Promote the ‘Europe brand’ within Europe instead of pursuing the Asian or American middle classes, who may not be able to afford the plane tickets to the extent many expect, even in the near term. ‘Creative Europe’ funds should be used to encourage shorter-distance holidays to off-the-beaten-track areas on our own continent. This would be in line with the numerous efforts being made by EU cities to deal with overtourism in crowded ‘Instagrammable’ centres. A European approach to tourism could be both fair and fruitful, replacing global tourists with a more planet-friendly European-based tourism but also with customers who return to the same places and stay for longer periods.
Conclusion
By launching the Industrial Revolution and global trade routes, Europe defined today’s modernity—including modes of travelling. At a time when we are experiencing the perverse effects of this same modernity, can the Old Continent inspire once again but in the opposite, decelerating direction?
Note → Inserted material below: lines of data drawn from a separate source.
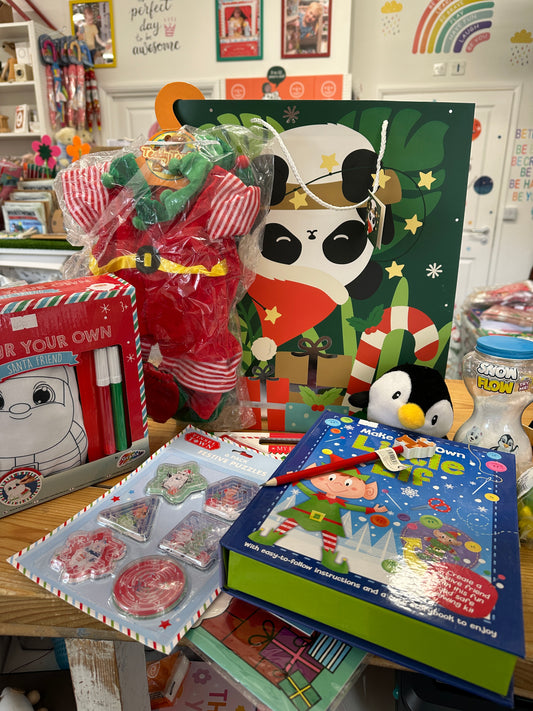 Christmas toys and gifts selection 2024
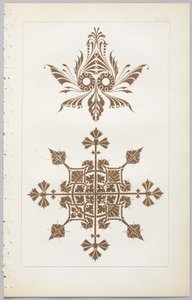 Kunsten å dekorativt design: med et vedlegg, som gir klokkeslett for blomstene åpne, utgitt av Day & Son, London, 1862 av Christopher Dresser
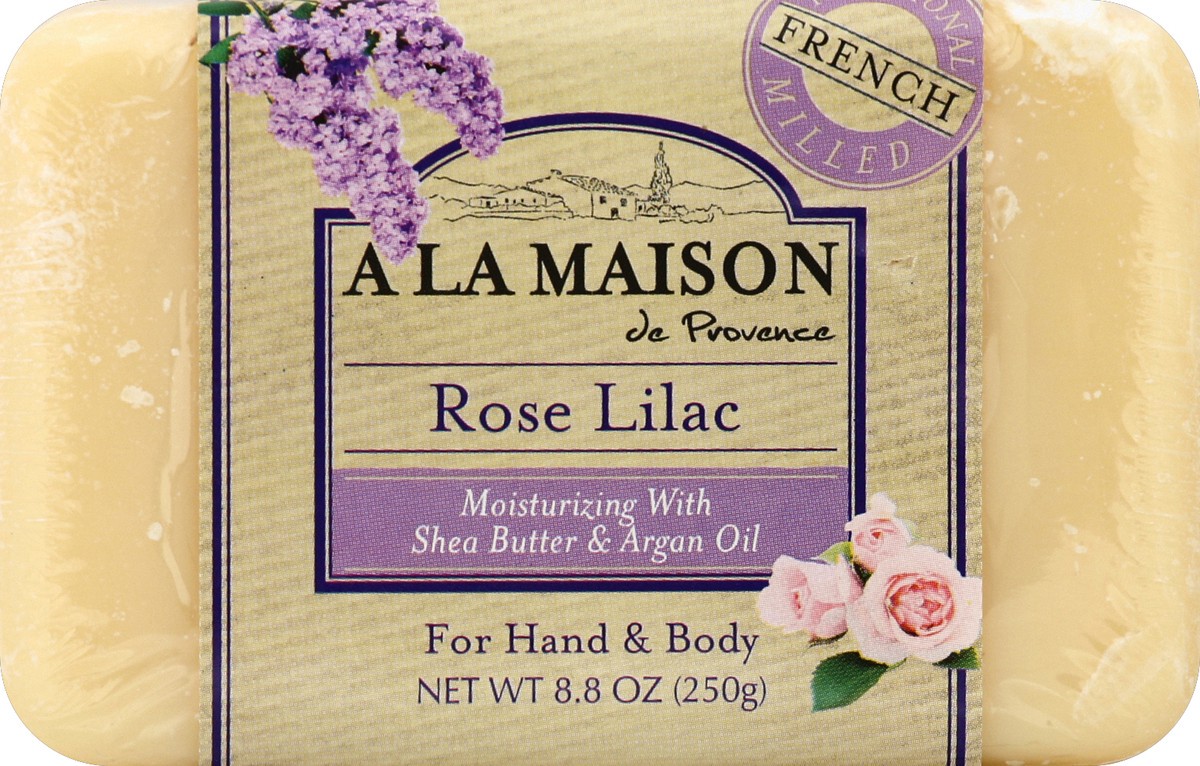 slide 4 of 4, A La Maison Bar Soap Rose Garden, 8.8 oz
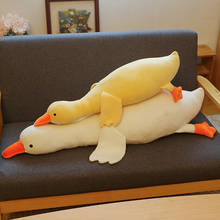 Juguete de simulación de pato de felpa esponjoso para niñas, almohada de ganso, muñecos cisne de animales de peluche, regalo de cumpleaños, 100CM 2024 - compra barato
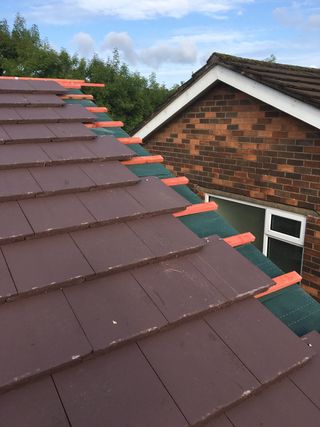 Tile and slate roofing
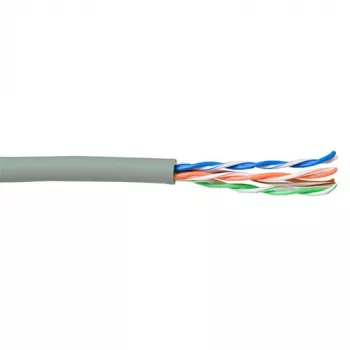 Patchkabel ACT CAT5E U/UTP Litze grijs 100m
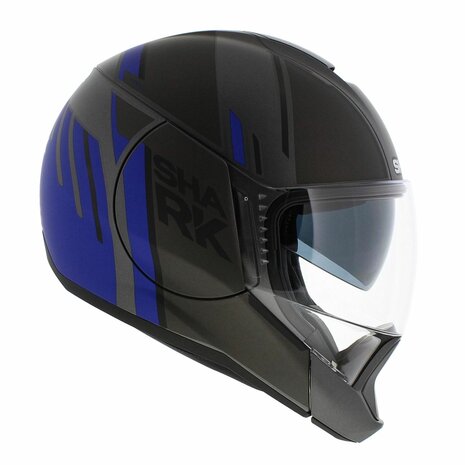 Shark Evojet Helmet Vyda matt blue anthracite AKB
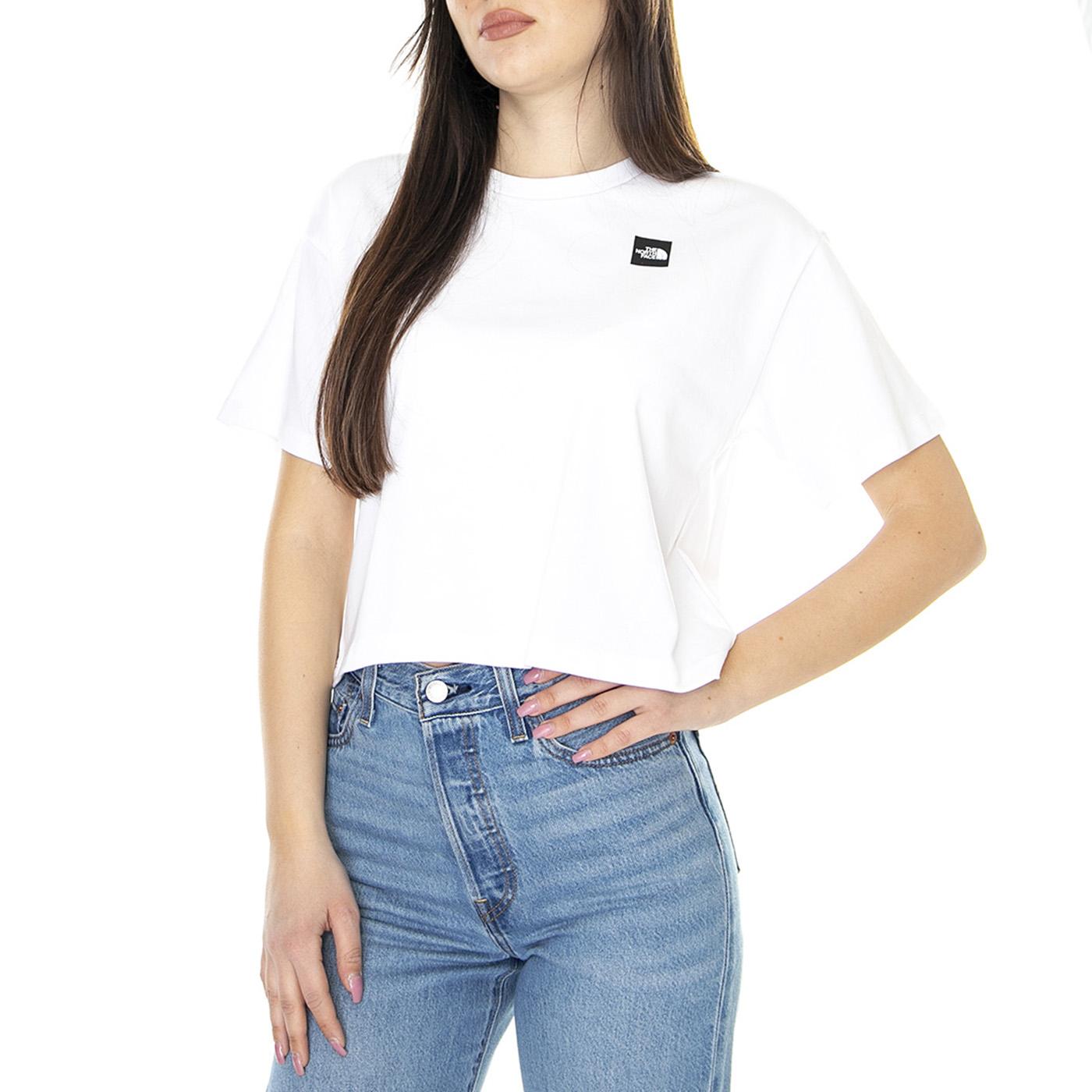 W' Graphic T-Shirt2 - EU TNF White - Maglietta Girocollo Donna Bianca NF0A83HPFN41  THE NORTH FACE 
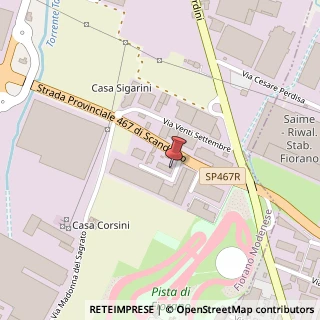 Mappa Via Insorti d'Ungheria, snc, 41042 Fiorano Modenese, Modena (Emilia Romagna)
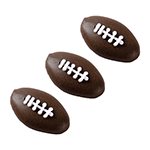 O'Creme Football Royal Icing Decorations, Set of 36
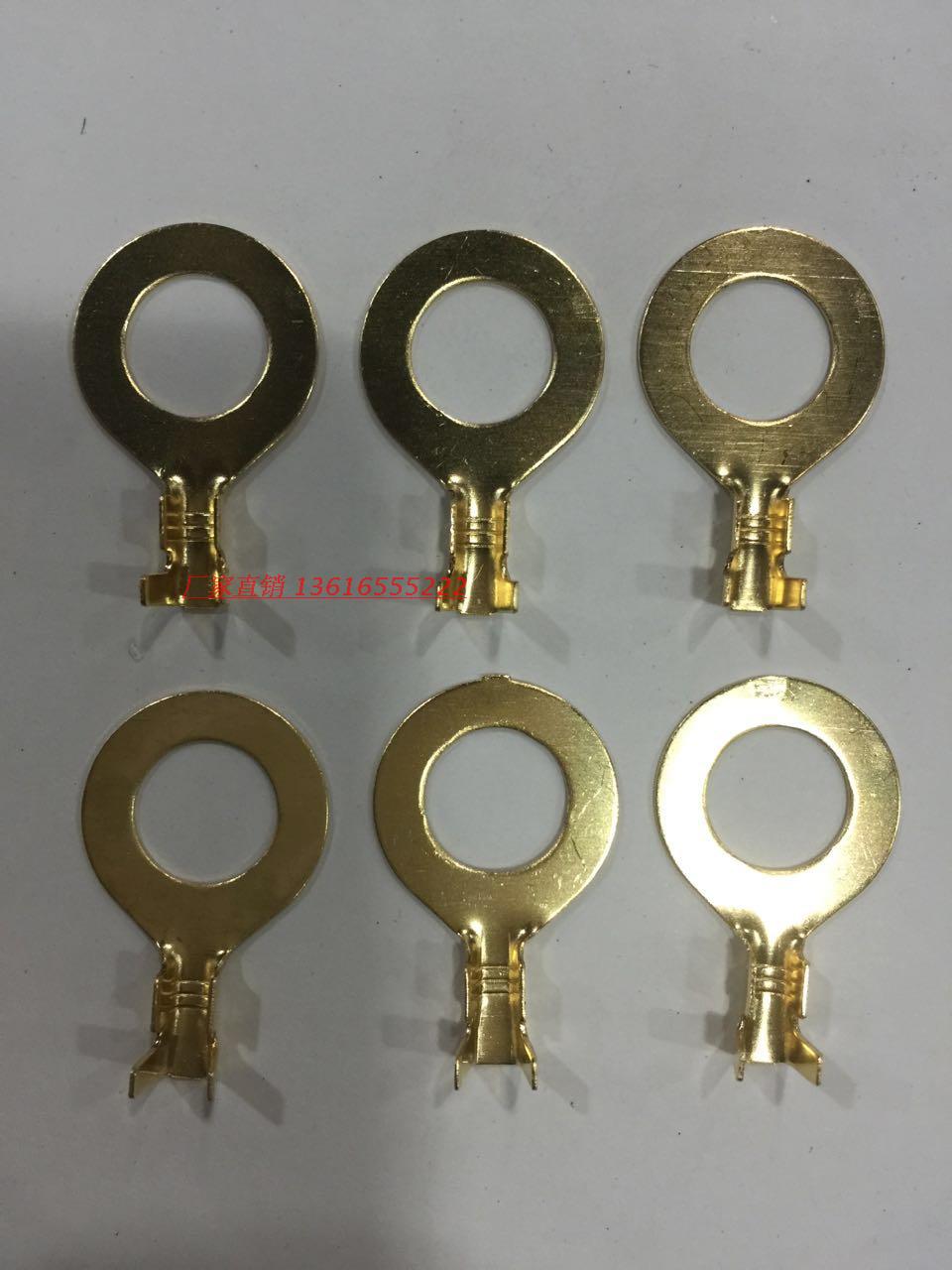 HS包邮10.2圆形接线片0.5厚压制1-1.5平方B脚2000只外径19大型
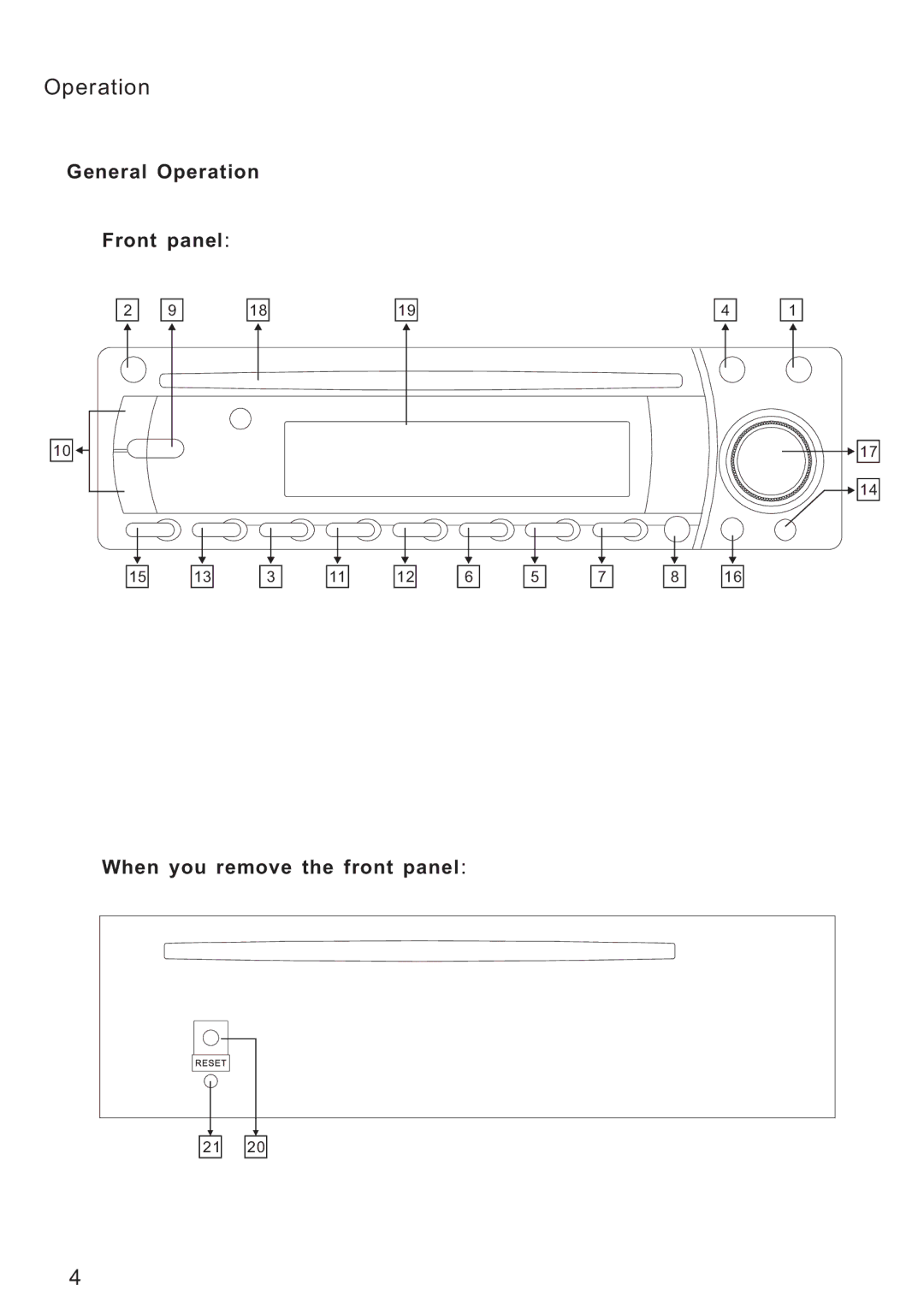 PYLE Audio PLCD21 instruction manual Operation 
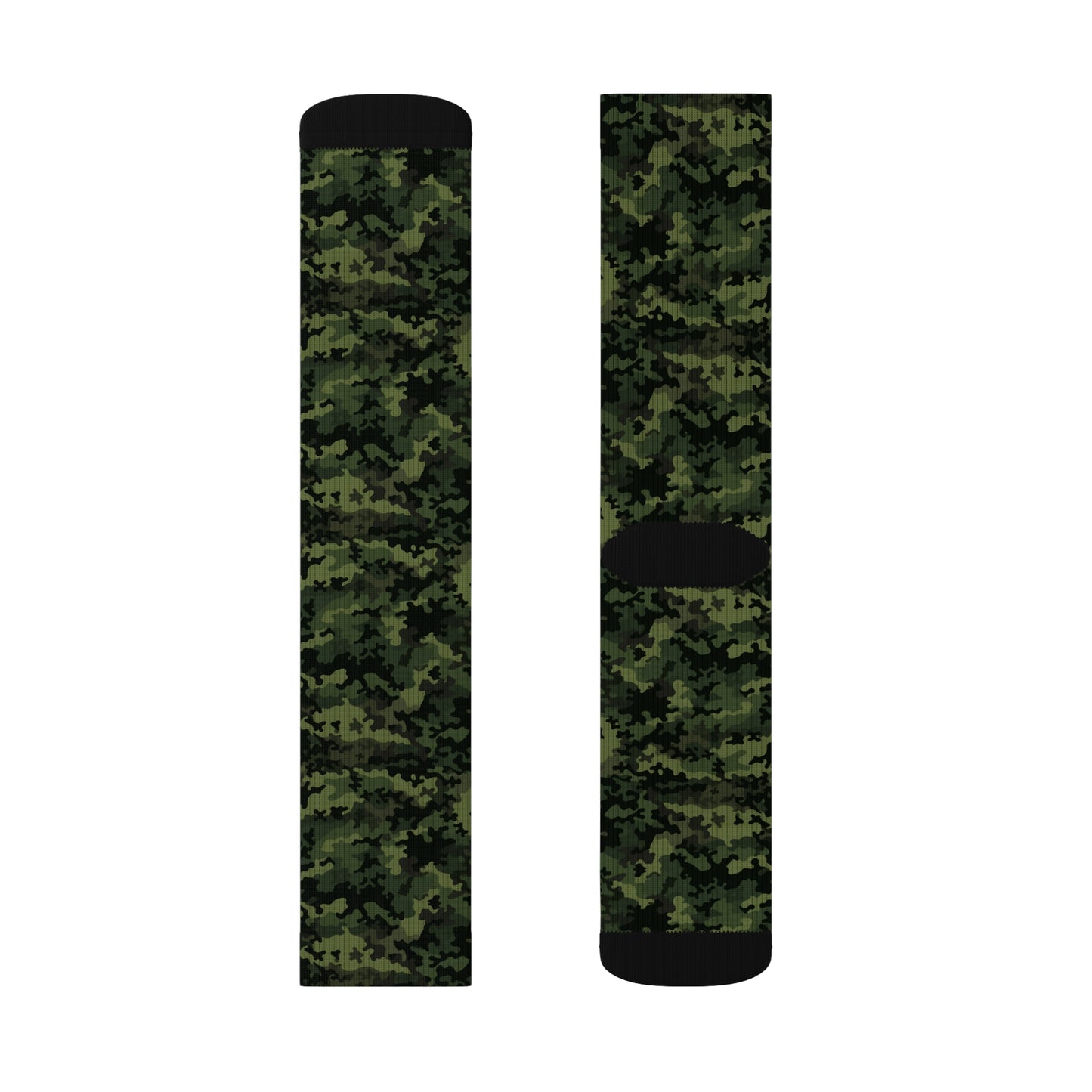Green Camo Socks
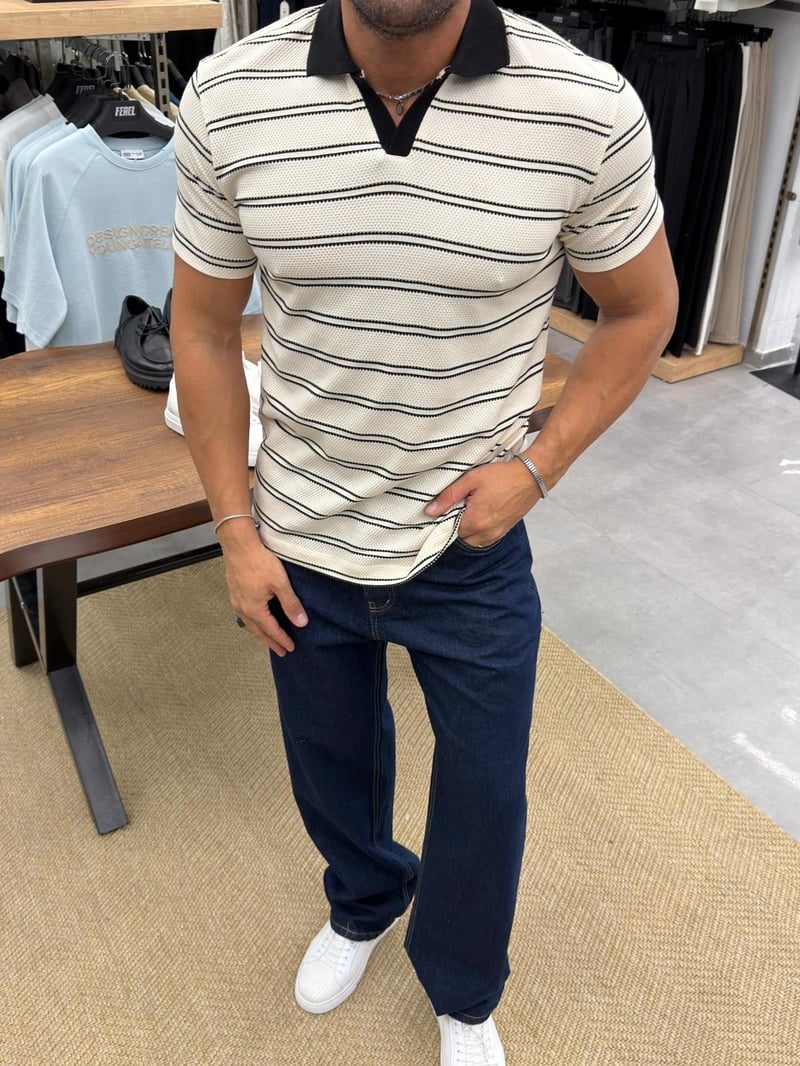 Tobi Örme Tshirt Siyah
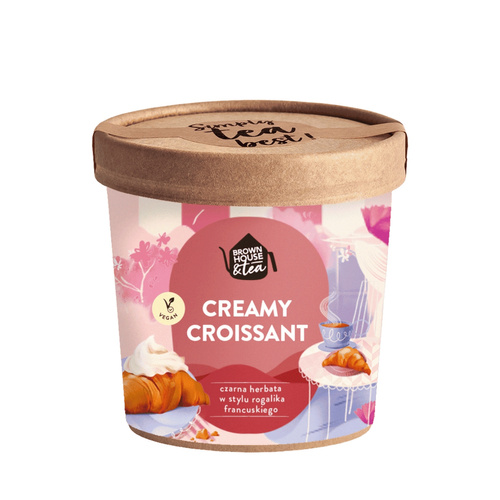 Herbata czarna Brown House&Tea CREAMY CROISSANT - w stylu rogalika francuskiego 50g - opinie w konesso.pl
Europeans clearly have the appetite and the imagination for it. While Hollywood actors Scarlett Johansson and Bill Murray cannot do much anymore, might not Goethe’s tourism philosophy help out once again? Listen to him one more time as he continues his journey, becoming aware of what walking and horse riding through Italy for a year means to him: Chained body and soul to the north of Europe, I had to undertake this long solitary journey to start a new life. To be born again. My desire to see this country had been ripe for too long. Here I am now in Rome and quiet, and as far as I can see, tranquilised for my whole life; all these treasures will serve as guides and encouragements from now on . . . (Goethe, 1817, 203, author’s translation).